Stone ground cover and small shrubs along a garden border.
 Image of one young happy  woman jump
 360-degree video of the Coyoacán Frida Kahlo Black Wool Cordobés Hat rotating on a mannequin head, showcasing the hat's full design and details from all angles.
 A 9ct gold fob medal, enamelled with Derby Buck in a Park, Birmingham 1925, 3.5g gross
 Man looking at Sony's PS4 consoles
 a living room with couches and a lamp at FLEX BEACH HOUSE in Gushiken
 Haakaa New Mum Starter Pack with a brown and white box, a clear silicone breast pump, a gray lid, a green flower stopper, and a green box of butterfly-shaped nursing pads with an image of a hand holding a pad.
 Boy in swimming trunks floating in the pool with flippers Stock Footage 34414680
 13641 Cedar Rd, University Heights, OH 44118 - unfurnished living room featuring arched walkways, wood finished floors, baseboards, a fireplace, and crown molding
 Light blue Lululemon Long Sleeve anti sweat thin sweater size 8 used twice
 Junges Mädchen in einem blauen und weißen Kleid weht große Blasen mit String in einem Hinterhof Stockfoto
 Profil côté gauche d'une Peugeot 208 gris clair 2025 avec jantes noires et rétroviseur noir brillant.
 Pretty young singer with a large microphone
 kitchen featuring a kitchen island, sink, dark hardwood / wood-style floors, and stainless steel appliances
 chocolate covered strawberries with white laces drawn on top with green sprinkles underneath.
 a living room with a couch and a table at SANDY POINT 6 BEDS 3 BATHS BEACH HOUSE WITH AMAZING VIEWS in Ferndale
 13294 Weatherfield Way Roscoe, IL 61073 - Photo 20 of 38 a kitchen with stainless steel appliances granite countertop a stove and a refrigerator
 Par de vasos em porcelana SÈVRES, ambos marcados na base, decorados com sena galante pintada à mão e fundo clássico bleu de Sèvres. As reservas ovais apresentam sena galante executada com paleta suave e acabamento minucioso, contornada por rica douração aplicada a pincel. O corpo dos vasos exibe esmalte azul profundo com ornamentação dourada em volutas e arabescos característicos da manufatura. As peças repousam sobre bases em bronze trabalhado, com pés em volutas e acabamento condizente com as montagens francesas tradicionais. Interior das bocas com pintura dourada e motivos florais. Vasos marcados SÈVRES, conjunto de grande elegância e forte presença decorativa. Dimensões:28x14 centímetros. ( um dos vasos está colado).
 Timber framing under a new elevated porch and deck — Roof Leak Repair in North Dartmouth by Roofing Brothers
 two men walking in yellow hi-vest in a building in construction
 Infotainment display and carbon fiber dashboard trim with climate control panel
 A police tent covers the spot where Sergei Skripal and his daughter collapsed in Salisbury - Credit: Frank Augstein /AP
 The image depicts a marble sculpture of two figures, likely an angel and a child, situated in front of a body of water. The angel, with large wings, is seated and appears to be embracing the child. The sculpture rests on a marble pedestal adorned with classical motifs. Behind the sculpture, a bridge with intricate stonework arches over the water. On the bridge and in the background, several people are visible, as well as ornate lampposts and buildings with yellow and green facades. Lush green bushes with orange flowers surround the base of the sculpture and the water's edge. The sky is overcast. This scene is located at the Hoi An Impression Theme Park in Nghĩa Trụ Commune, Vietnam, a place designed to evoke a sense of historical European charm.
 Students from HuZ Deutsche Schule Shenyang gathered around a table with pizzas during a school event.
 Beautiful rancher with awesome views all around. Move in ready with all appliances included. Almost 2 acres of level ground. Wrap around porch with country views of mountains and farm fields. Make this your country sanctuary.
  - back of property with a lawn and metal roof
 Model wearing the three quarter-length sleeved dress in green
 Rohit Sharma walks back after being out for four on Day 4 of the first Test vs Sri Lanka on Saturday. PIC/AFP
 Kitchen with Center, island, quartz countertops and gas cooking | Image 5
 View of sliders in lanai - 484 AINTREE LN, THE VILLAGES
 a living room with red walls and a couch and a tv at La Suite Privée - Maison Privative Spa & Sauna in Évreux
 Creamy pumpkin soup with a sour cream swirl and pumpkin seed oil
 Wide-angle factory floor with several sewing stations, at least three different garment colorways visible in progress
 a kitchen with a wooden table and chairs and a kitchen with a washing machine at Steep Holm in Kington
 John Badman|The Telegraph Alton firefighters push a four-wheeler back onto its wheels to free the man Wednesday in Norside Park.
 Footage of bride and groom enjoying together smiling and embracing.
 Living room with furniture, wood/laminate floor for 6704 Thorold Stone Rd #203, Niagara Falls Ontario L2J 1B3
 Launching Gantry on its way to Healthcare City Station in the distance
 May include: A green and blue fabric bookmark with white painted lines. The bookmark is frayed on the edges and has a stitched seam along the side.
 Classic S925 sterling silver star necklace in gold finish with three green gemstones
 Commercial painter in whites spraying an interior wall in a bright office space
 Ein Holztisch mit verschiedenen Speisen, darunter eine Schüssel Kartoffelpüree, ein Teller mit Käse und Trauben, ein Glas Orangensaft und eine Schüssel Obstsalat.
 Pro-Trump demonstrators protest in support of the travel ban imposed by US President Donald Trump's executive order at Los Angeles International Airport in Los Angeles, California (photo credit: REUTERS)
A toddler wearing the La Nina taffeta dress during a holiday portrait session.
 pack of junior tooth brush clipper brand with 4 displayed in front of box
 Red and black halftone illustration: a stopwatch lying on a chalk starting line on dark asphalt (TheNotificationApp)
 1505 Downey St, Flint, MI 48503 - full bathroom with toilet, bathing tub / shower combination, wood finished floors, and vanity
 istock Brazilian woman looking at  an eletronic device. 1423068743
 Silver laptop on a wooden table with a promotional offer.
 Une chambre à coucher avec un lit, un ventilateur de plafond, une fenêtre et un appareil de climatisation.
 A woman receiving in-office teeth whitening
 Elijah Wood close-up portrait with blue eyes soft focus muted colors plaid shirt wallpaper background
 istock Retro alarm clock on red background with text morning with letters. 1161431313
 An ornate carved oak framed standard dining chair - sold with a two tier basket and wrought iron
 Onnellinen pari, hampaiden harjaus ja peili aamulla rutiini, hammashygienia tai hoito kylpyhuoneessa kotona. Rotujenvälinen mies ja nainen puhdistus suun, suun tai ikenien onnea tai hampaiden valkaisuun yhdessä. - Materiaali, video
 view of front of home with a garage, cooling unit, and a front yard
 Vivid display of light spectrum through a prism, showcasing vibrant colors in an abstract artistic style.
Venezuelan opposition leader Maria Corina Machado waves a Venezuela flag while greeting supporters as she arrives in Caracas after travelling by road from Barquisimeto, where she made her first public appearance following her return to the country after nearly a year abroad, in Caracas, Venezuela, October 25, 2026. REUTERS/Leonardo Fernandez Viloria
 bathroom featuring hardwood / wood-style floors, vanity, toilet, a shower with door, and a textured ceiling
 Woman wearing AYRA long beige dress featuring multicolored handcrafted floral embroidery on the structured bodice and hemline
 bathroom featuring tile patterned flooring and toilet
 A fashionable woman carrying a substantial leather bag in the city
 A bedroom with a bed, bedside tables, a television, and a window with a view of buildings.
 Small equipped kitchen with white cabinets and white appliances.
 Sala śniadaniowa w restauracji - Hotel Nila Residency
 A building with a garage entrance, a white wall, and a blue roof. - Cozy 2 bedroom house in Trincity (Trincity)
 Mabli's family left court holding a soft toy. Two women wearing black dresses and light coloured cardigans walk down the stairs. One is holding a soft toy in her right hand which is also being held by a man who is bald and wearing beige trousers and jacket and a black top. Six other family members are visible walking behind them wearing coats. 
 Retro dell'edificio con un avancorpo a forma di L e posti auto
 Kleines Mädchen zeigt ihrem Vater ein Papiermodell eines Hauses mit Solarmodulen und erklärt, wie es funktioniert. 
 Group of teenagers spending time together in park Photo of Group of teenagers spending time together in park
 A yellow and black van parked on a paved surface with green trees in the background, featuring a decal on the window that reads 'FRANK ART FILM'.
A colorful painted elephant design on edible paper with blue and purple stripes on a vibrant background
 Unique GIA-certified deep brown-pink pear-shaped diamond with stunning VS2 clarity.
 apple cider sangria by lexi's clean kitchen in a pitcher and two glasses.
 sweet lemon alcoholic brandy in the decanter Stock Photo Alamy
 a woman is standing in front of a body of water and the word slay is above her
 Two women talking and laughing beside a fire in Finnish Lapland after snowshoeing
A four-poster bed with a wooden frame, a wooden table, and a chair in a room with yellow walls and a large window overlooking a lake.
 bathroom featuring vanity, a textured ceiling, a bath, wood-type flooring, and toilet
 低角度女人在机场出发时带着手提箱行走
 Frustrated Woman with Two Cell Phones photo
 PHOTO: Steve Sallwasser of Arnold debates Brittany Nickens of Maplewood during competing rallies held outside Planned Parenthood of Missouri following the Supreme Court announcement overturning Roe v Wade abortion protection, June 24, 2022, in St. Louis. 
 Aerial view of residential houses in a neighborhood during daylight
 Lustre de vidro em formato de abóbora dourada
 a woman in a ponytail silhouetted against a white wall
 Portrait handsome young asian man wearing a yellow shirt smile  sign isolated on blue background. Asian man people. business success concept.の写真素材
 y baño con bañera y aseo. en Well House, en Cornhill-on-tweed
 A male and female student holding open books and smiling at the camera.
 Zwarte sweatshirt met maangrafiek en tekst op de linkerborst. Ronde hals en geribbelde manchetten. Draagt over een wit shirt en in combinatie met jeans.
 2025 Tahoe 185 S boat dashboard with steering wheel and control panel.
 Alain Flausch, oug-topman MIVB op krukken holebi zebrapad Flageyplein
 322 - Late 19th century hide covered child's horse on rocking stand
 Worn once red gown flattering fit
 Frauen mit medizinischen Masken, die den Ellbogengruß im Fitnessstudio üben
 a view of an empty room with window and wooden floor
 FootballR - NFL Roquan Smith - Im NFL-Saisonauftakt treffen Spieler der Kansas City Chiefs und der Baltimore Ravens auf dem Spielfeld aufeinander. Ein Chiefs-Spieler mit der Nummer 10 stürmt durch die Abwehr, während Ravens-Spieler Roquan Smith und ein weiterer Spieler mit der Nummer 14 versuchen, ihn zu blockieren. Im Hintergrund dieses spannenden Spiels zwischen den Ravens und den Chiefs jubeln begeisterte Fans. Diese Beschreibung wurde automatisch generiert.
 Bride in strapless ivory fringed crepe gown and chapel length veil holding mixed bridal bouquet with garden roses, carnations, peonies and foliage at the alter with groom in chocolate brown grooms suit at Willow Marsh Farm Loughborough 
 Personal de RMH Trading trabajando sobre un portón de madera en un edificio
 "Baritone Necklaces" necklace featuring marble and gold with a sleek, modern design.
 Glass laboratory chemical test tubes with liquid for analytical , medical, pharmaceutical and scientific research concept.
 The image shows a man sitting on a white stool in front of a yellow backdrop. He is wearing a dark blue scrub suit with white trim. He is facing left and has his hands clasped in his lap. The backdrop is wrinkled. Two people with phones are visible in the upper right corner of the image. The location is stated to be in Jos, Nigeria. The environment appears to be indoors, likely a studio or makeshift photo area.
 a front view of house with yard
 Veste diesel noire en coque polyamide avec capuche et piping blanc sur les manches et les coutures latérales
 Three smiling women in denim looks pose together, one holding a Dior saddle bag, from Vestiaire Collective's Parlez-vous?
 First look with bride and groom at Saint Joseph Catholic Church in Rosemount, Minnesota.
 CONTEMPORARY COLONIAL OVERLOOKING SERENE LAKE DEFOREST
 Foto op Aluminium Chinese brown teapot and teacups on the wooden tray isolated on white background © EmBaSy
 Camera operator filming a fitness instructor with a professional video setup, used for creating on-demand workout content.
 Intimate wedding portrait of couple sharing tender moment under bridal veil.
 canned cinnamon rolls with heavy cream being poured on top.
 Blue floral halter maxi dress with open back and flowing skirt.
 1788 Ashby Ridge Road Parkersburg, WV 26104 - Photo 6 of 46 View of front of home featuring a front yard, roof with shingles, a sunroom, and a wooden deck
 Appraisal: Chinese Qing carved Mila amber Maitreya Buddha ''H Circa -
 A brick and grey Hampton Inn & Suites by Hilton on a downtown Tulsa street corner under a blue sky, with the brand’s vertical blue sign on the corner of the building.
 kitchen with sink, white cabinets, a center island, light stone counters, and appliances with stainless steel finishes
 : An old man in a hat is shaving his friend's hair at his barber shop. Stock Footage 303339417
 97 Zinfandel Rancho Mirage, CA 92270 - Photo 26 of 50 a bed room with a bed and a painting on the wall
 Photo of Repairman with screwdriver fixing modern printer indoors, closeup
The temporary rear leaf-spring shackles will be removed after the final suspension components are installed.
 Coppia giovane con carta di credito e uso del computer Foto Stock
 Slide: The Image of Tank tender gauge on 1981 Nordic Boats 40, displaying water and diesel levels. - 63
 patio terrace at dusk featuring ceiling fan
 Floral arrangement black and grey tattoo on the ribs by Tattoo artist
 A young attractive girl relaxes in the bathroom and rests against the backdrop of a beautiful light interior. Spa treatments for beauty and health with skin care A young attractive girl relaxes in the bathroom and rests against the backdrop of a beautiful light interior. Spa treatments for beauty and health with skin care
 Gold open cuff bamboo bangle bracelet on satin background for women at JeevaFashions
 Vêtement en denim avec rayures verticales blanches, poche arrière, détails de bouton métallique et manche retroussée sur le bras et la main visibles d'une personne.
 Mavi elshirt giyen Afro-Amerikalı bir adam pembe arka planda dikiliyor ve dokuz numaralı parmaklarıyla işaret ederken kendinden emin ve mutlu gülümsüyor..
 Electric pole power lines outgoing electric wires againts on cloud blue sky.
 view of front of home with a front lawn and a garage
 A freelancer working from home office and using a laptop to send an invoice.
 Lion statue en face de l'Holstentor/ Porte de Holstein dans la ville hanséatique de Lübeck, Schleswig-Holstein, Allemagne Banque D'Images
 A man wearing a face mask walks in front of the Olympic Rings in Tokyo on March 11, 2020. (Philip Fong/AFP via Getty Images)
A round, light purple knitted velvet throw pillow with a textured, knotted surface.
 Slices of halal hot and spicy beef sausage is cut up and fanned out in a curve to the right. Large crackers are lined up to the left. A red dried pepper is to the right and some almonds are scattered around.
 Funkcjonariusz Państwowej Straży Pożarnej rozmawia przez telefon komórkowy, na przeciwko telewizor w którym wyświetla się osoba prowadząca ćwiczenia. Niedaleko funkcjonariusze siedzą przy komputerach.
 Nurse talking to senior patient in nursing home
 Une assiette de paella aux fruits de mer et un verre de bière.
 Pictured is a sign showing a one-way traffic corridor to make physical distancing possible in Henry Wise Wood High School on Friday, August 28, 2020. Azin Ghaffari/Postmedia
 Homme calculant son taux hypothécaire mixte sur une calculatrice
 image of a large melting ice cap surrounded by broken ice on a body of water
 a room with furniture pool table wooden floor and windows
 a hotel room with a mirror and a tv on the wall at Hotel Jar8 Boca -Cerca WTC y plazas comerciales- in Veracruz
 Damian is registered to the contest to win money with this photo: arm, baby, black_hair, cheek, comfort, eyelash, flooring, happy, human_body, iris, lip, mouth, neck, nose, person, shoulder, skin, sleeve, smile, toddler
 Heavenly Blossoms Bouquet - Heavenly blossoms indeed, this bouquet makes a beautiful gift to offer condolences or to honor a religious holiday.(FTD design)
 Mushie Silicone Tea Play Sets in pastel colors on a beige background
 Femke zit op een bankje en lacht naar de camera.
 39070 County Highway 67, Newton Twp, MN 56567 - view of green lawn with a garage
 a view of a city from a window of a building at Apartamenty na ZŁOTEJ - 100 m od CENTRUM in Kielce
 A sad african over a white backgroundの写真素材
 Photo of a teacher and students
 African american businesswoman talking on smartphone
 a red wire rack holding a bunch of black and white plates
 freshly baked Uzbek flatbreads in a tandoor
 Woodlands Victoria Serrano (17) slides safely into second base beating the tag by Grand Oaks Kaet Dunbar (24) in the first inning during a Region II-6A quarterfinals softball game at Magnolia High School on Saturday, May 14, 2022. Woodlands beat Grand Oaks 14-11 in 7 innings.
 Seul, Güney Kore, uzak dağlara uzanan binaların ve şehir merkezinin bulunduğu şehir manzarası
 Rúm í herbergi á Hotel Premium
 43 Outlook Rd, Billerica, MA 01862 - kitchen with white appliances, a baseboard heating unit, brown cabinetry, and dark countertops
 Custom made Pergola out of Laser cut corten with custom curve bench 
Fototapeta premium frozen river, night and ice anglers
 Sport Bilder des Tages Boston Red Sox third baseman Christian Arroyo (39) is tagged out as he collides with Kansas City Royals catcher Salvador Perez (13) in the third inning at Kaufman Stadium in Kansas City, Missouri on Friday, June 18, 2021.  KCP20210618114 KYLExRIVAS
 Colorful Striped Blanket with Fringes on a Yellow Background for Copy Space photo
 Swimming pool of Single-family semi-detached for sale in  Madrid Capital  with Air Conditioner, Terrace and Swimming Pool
========================================
What is required: Your answer must be every line from the listing above that holds the string "bouquet".

The answer:
 Bride in strapless ivory fringed crepe gown and chapel length veil holding mixed bridal bouquet with garden roses, carnations, peonies and foliage at the alter with groom in chocolate brown grooms suit at Willow Marsh Farm Loughborough 
 Heavenly Blossoms Bouquet - Heavenly blossoms indeed, this bouquet makes a beautiful gift to offer condolences or to honor a religious holiday.(FTD design)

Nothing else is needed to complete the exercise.